QueryDatabaseTableRecord 2.1.0

Bundle
org.apache.nifi | nifi-standard-nar
Description
Generates a SQL select query, or uses a provided statement, and executes it to fetch all rows whose values in the specified Maximum Value column(s) are larger than the previously-seen maxima. Query result will be converted to the format specified by the record writer. Expression Language is supported for several properties, but no incoming connections are permitted. The Environment/System properties may be used to provide values for any property containing Expression Language. If it is desired to leverage flow file attributes to perform these queries, the GenerateTableFetch and/or ExecuteSQL processors can be used for this purpose. Streaming is used so arbitrarily large result sets are supported. This processor can be scheduled to run on a timer or cron expression, using the standard scheduling methods. This processor is intended to be run on the Primary Node only. FlowFile attribute 'querydbtable.row.count' indicates how many rows were selected.
Tags
database, jdbc, query, record, select, sql
Input Requirement
FORBIDDEN
Supports Sensitive Dynamic Properties
false
Properties
Dynamic Properties
State Management
Scopes Description
CLUSTER After performing a query on the specified table, the maximum values for the specified column(s) will be retained for use in future executions of the query. This allows the Processor to fetch only those records that have max values greater than the retained values. This can be used for incremental fetching, fetching of newly added rows, etc. To clear the maximum values, clear the state of the processor per the State Management documentation
Relationships
Name Description
success Successfully created FlowFile from SQL query result set.
Writes Attributes
Name Description
tablename Name of the table being queried
querydbtable.row.count The number of rows selected by the query
fragment.identifier If 'Max Rows Per Flow File' is set then all FlowFiles from the same query result set will have the same value for the fragment.identifier attribute. This can then be used to correlate the results.
fragment.count If 'Max Rows Per Flow File' is set then this is the total number of FlowFiles produced by a single ResultSet. This can be used in conjunction with the fragment.identifier attribute in order to know how many FlowFiles belonged to the same incoming ResultSet. If Output Batch Size is set, then this attribute will not be populated.

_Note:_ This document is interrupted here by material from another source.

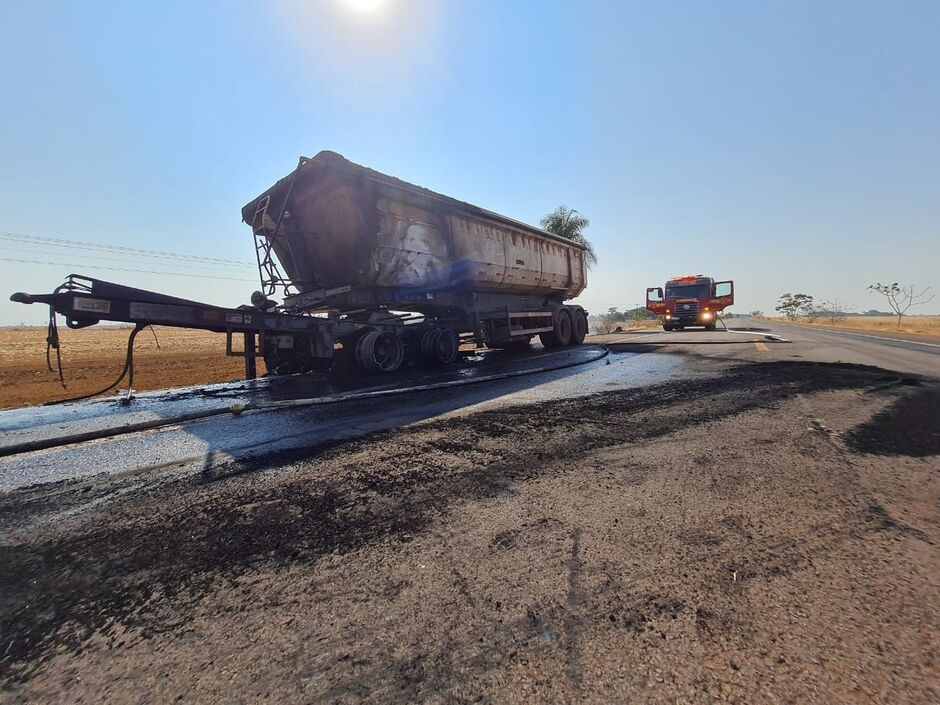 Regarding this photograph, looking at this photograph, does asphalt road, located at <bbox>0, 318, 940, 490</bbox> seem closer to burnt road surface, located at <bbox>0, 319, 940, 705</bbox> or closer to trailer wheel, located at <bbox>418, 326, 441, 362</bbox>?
burnt road surface, located at <bbox>0, 319, 940, 705</bbox>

fragment.index If 'Max Rows Per Flow File' is set then the position of this FlowFile in the list of outgoing FlowFiles that were all derived from the same result set FlowFile. This can be used in conjunction with the fragment.identifier attribute to know which FlowFiles originated from the same query result set and in what order FlowFiles were produced
maxvalue.* Each attribute contains the observed maximum value of a specified 'Maximum-value Column'. The suffix of the attribute is the name of the column. If Output Batch Size is set, then this attribute will not be populated.

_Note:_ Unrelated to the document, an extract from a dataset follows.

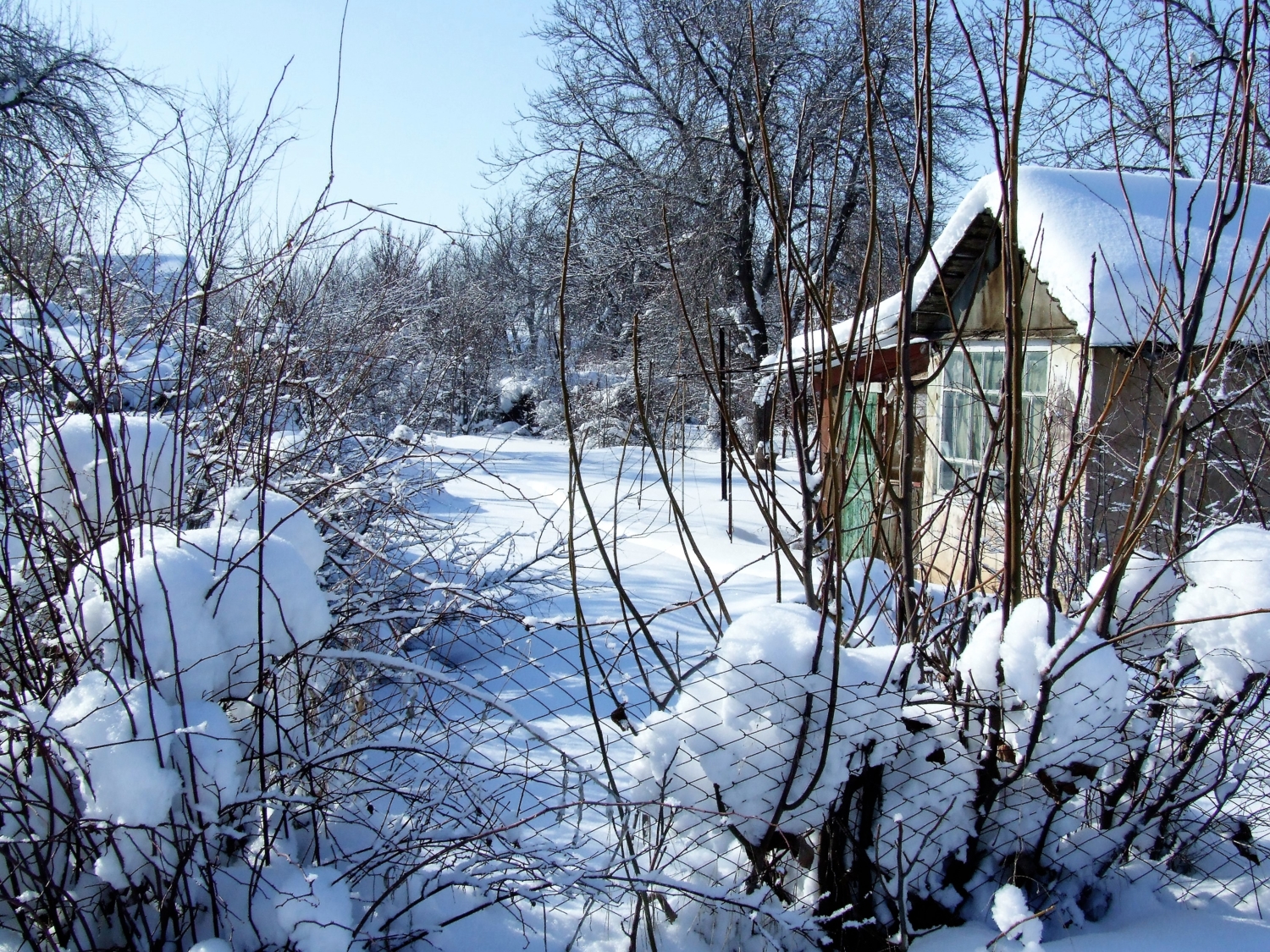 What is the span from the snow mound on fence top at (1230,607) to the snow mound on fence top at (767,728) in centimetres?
76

mime.type Sets the mime.type attribute to the MIME Type specified by the Record Writer.
record.count The number of records output by the Record Writer.
Use Cases
  • Retrieve all rows from a database table.
    Description
    Retrieve all rows from a database table.
    Keywords
    jdbc, rdbms, cdc, database, table, stream
    Configuration
    Configure the "Database Connection Pooling Service" to specify a Connection Pooling Service so that the Processor knows how to connect to the database.
    Set the "Database Type" property to the type of database to query, or "Generic" if the database vendor is not listed.
    Set the "Table Name" property to the name of the table to retrieve records from.
    Configure the "Record Writer" to specify a Record Writer that is appropriate for the desired output format.
    Set the "Maximum-value Columns" property to a comma-separated list of columns whose values can be used to determine which values are new. For example, this might be set to
        an `id` column that is a one-up number, or a `last_modified` column that is a timestamp of when the row was last modified.
    Set the "Initial Load Strategy" property to "Start at Beginning".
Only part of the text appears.